U.S. steel mills are facing increased production costs due to rising diesel prices for truck and rail shipments [1].
This shift highlights the vulnerability of industrial supply chains to energy price volatility during global conflicts. While raw material production remains steady, the cost of moving finished goods is creating a new financial burden for domestic producers.
According to Sam McKinney of Bloomberg Television, the impact is specific to transportation. McKinney said, "While US steel mills have mostly hedged rising electricity costs with long‑term contracts, they are impacted by increasing diesel prices to ship steel by truck and rail route" [1].

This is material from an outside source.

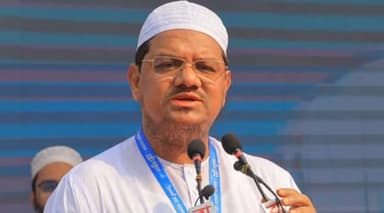 ছয় মাসেও বিএনপির প্রতিশ্রুতি বাস্তবায়নের লক্ষণ নেই: চরমোনাই পীর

These rising costs are a byproduct of an ongoing war that has pushed up diesel fuel prices and heightened inflation concerns across the economy. The increased expense of logistics adds pressure to the bottom line of mills that have otherwise managed their energy utility risks through fixed contracts [1].

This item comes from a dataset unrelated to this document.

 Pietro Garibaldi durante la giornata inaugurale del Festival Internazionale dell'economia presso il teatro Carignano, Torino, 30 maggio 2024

Despite these operational challenges, the financial markets have reacted differently to the volatility. Investors are currently treating the sector as a safe harbor during the geopolitical crisis. McKinney said, "Steel hasn't seen a drop in value in the face of the war, as investors look to steel stocks to hedge against inflation" [1].
This divergence creates a scenario where the physical operation of steel mills becomes more expensive while the valuation of the companies remains stable or grows. The demand for steel stocks as an inflation hedge suggests that investors believe the long-term value of the commodity will outpace the short-term rise in transport costs [1].

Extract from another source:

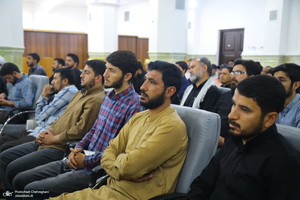 نشست «قرآن و عترت، محور اتحاد مسلمانان در اندیشه امام خمینی(س)» به زبان اردو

“US steel mills have mostly hedged rising electricity costs with long‑term contracts, they are impacted by increasing diesel prices”
The situation reveals a decoupling between operational costs and market valuation. While the 'last mile' of the supply chain—transportation via diesel-dependent rail and truck—is suffering from war-induced inflation, the underlying asset is viewed as a store of value. This suggests that the market expects steel prices to rise alongside inflation, potentially offsetting the increased cost of logistics.